In one of my first projects we had a high score list for bugs found. It was a race for the top and about breaking the system. It was testers against developers. Like it or not, but you are on the same team now and hopefully have a common goal of delivering high-quality software (without going into the "what is quality" debate here). And oh, sorry to say so, but you don't break the software unless you put some buggy parts into the source code. To quote James Bach: "We don't break the software. We break illusions about the software."


“Team responsibility for quality over tester responsibility”

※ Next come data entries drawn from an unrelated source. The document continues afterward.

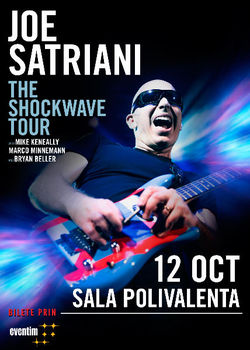 JOE SATRIANI canta in Bucuresti pe 12 Octombrie la Sala Polivalenta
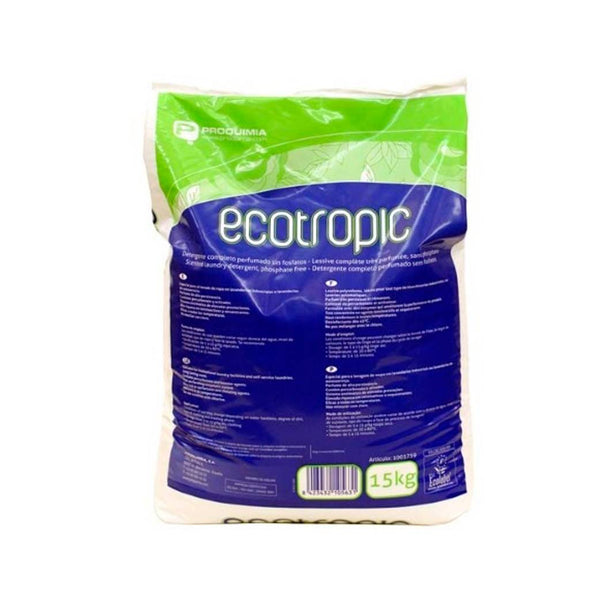 Detergente Enzimático En Polvo Atomizado Ecotropic 15 Kg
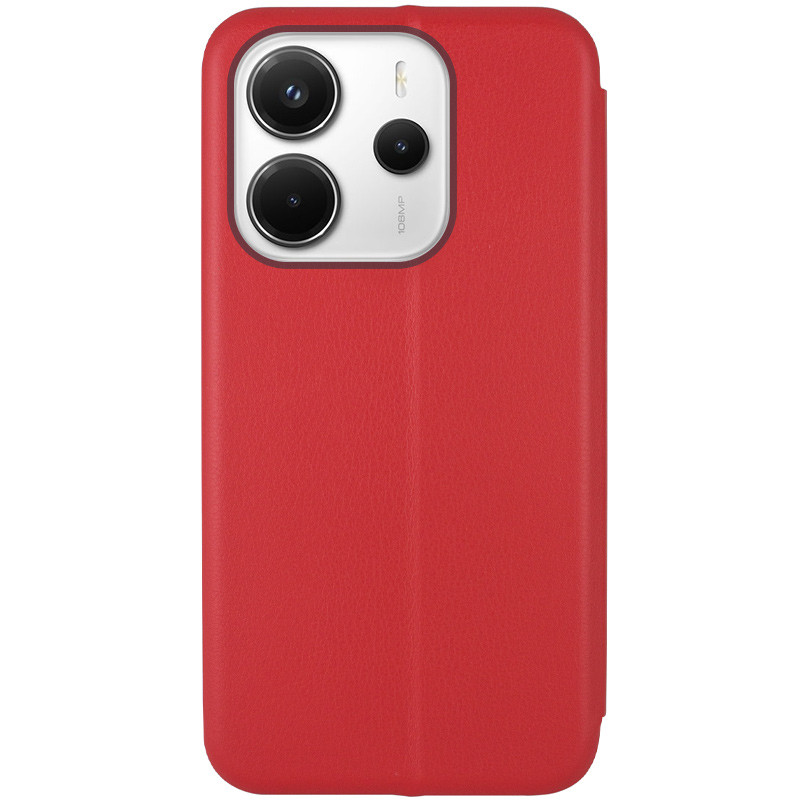 Фото Кожаный чехол-книжка Classy для Xiaomi Redmi Note 14 4G (Europe version) (Красный) на vchehle.ua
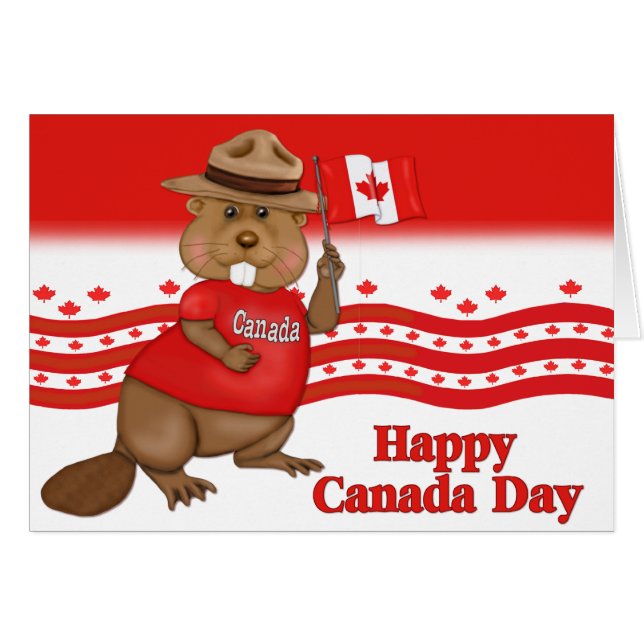 Beaver del Día de Canadá (Anverso (Horizontal))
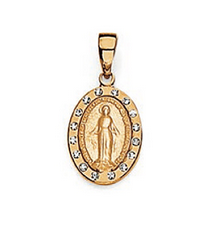 REF 540919 PINGENTE ROMMANEL NOSSA SENHORA DAS GRAÇAS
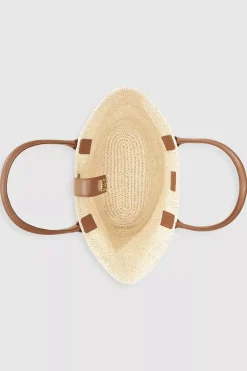 Lou Tote Monogram Natural With Cognac^ANINE BING Best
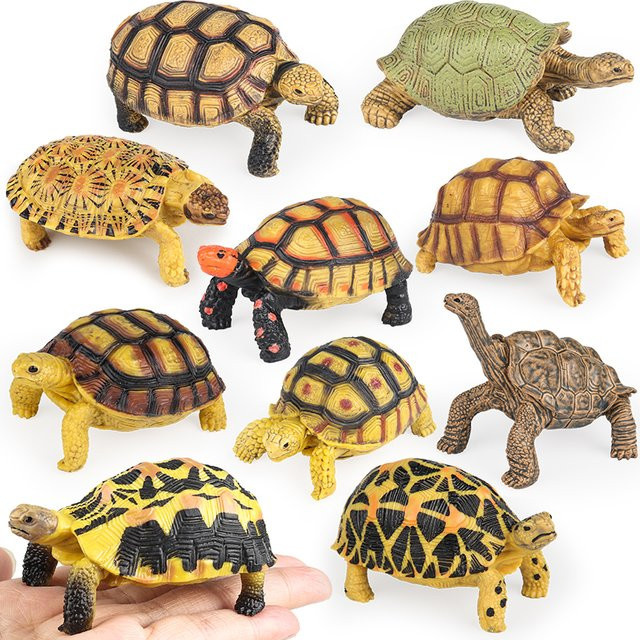Oenux Stern Schildkröte, Actionfiguren, Tiere, Kunststoff, Bunt / Mehrfarbig - Bild 1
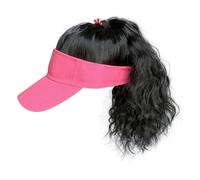 Berretto con Extension per Capelli da Donna Cuffia for parrucca da donna, Cuffia for parrucca da baseball, Cuffia for parrucca a coda di cavallo, Parrucche in fibra sintetica resistente al calore dall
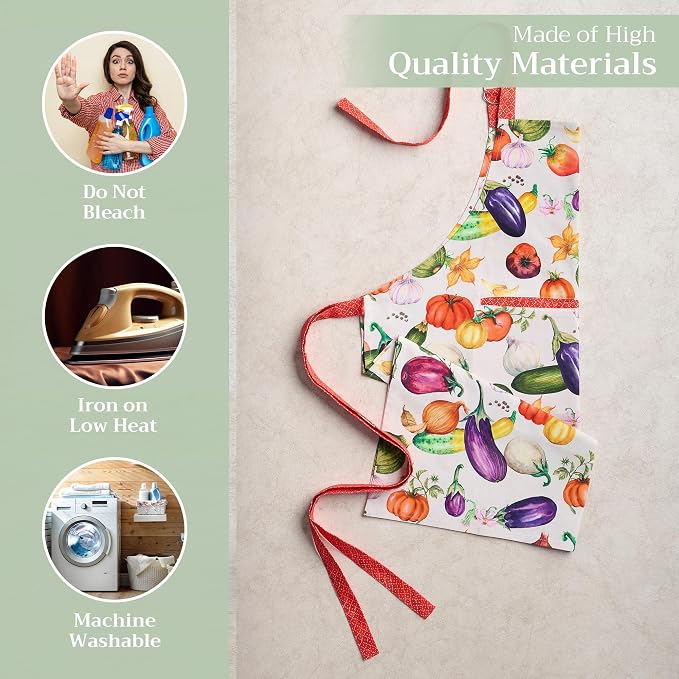 Maison d' Hermine 100% Cotton Apron for women with Pocket Kitchen Chef Apron for Men Cooking Mothers Day Gifts - Image 3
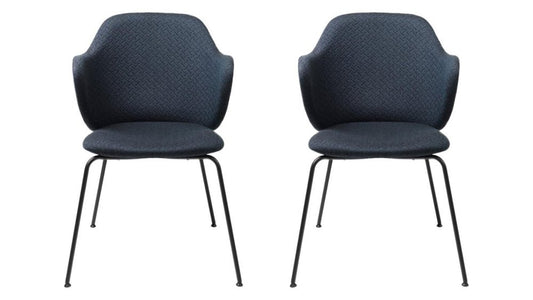 Blue Jupiter Lassen Chairs by Lassen, Set of 2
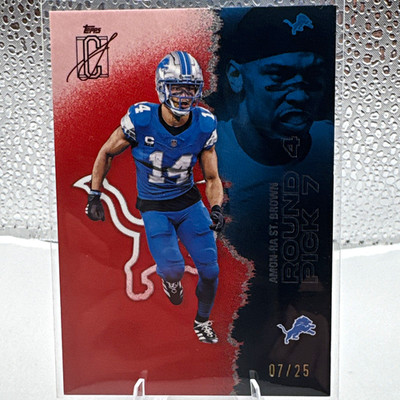 Topps Signature Series Amon-Ra St. Brown Detroit Lions Serial #07/25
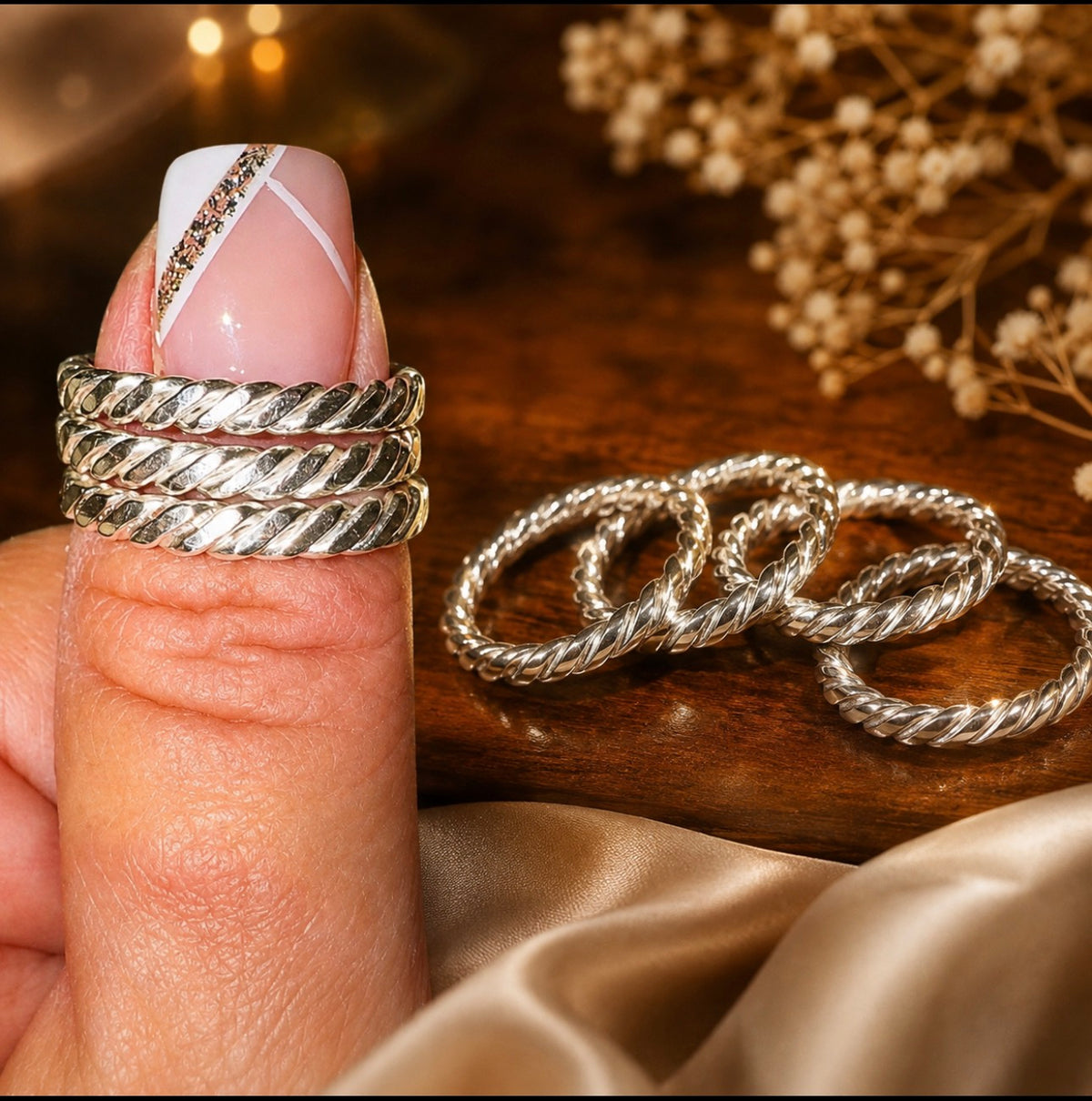 Divine Justice Stirling Silver Finger Ring Limited Stock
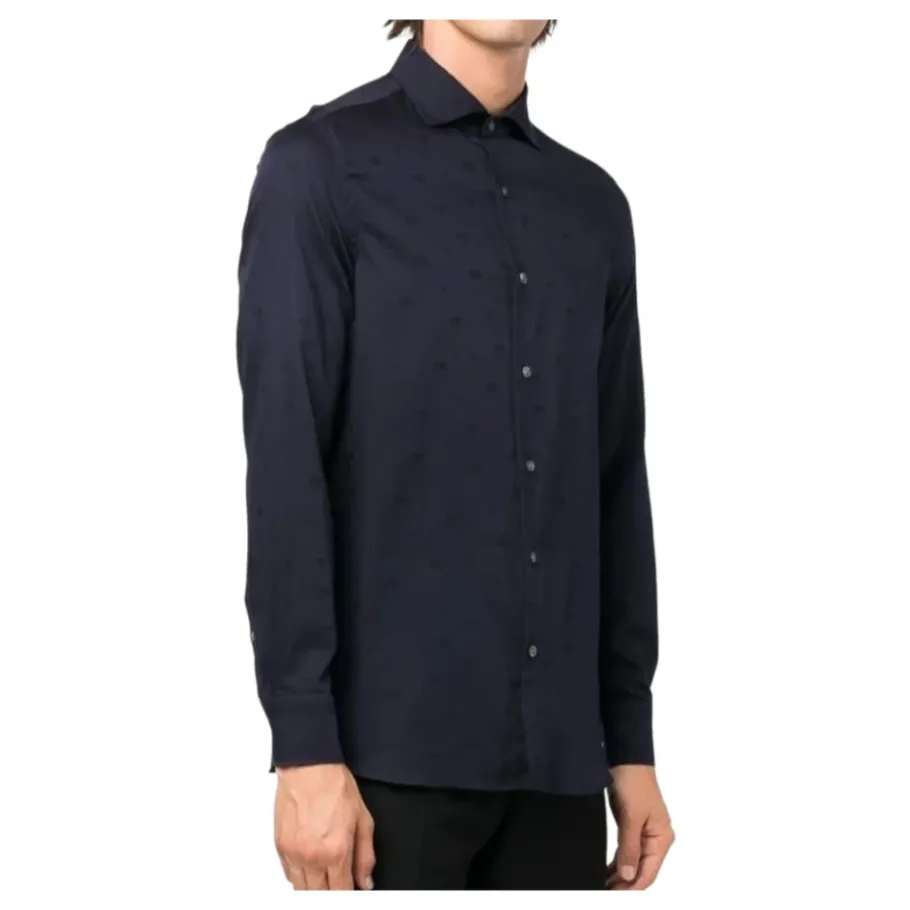 Emporio Armani Marinee katoenen overhemd-Heren Overhemden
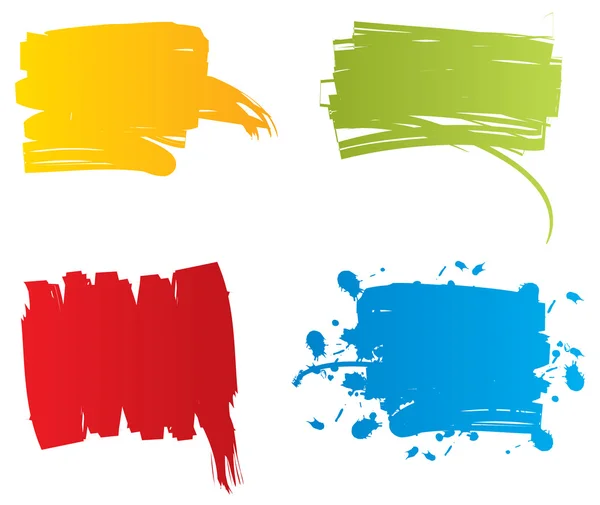 Grungy χρωματιστό πανό — Διανυσματικό Αρχείο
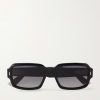 Diortailoring Squared-Frame Acetate Sunglasses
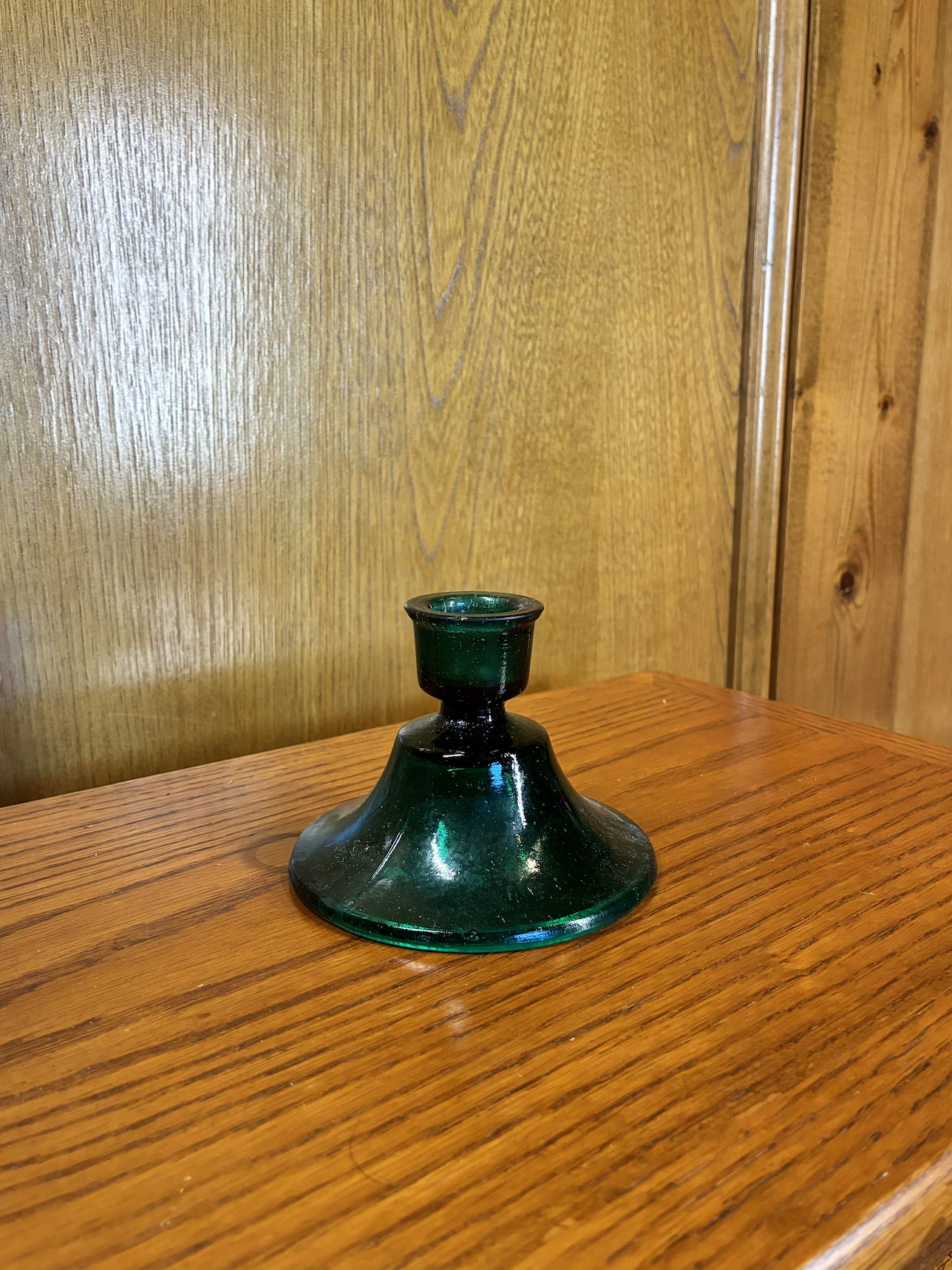 $3 | Teal Candlestick Holder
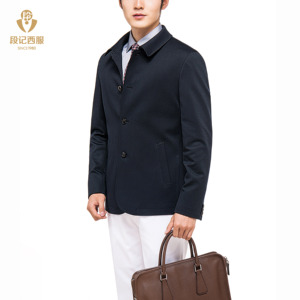 <span class=keywords><strong>Blazer</strong></span> en toile <span class=keywords><strong>bleu</strong></span> <span class=keywords><strong>marine</strong></span> pour <span class=keywords><strong>homme</strong></span> OEM ODM, <span class=keywords><strong>veste</strong></span> décontractée élégante avec logo frontal, séchage rapide et coupe-vent pour le bureau - Product Image 3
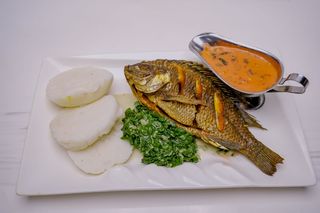 Whole Dry Fry Fish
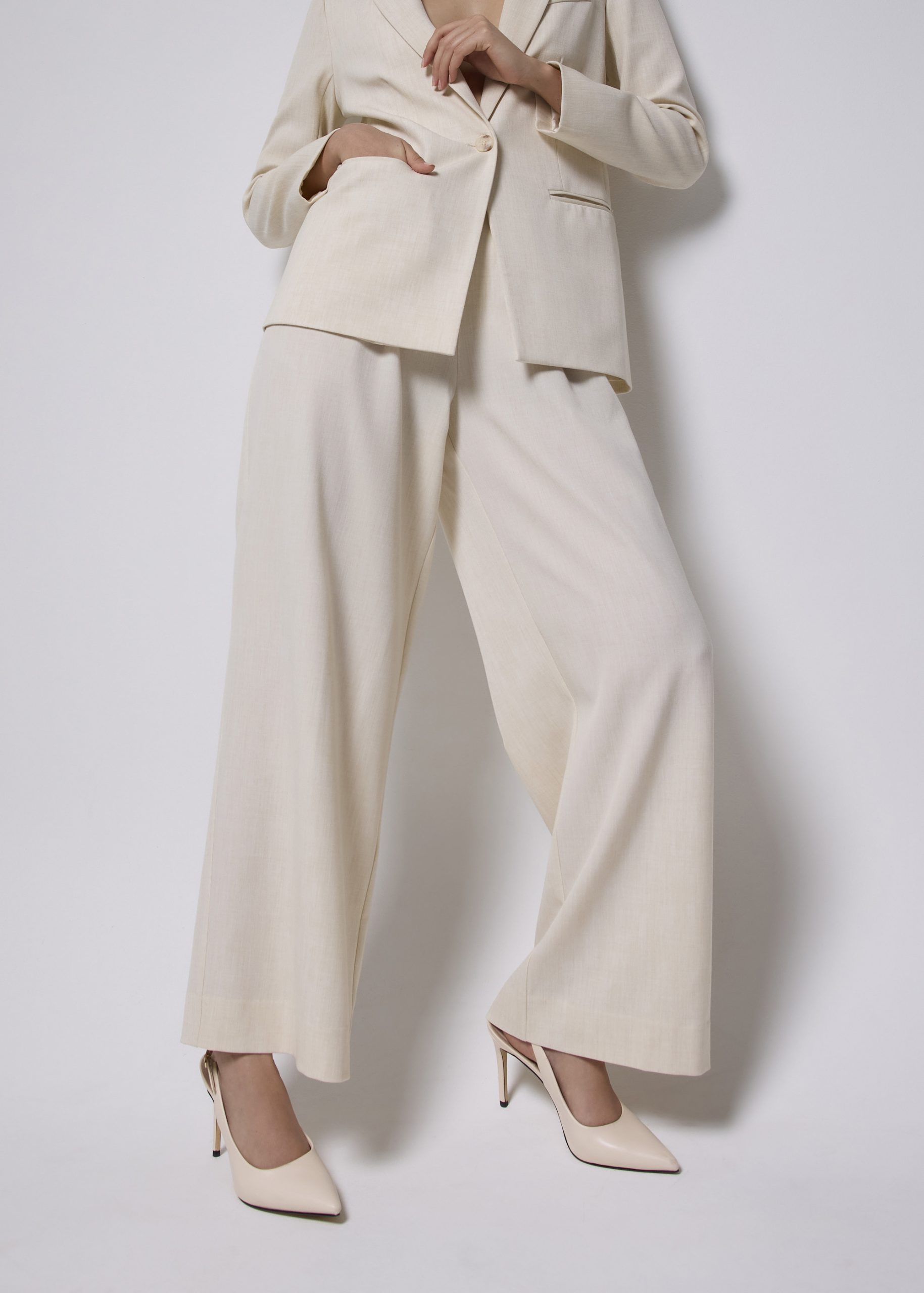 Leggy??Mayumi Elastic Pleated Wide Leg Pants - Image 34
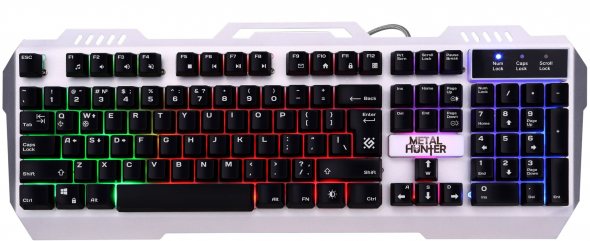 Клавиатура DEFENDER Metal Hunter GK-140L RGB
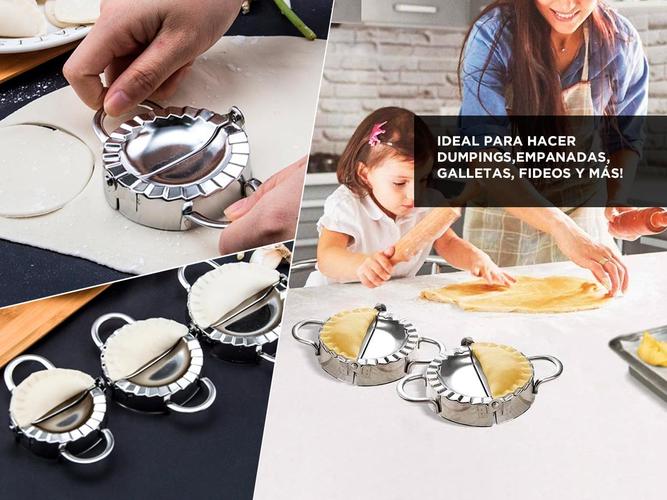 Set x 13 Cortantes de Pasta Empanadas Maddy Gadnic Acero Inoxidable - 3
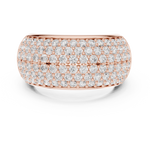 Gold Ring DDLR-316, Rose Gold, view 4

A former boss of mine repeatedly said that nurses don't heal a patient by only taking his temperature. By doing so, they are providing information for themselves or others to improve the condition of the patient. As for software testing, just testing doesn't get you more quality. It is one part of doing so. Just as writing good code, providing realistic requirements and writing a good instruction manual is. So it's everything and everyone that influences quality. Especially on agile teams, activities are more and more separated from persons and roles within a team. Activities are a team skill. Some people are better at certain things than others, but that doesn't mean that it is only the task of the specialist to do so. As testers, we are responsible for sharing our expertise with the other team members. Of course, it might take longer for others, but taking longer is still way better than not doing it at all or being the bottleneck.

If you take your testing knowledge from other testing environments and embrace the changed mindset for agile testing, you are already following the "inspect and adapt" part that is so prevalent in agile development and will certainly be able to build on that. Of course, there are certain methods, heuristics, and techniques that have proven helpful, but that topic certainly warrants a post of its own.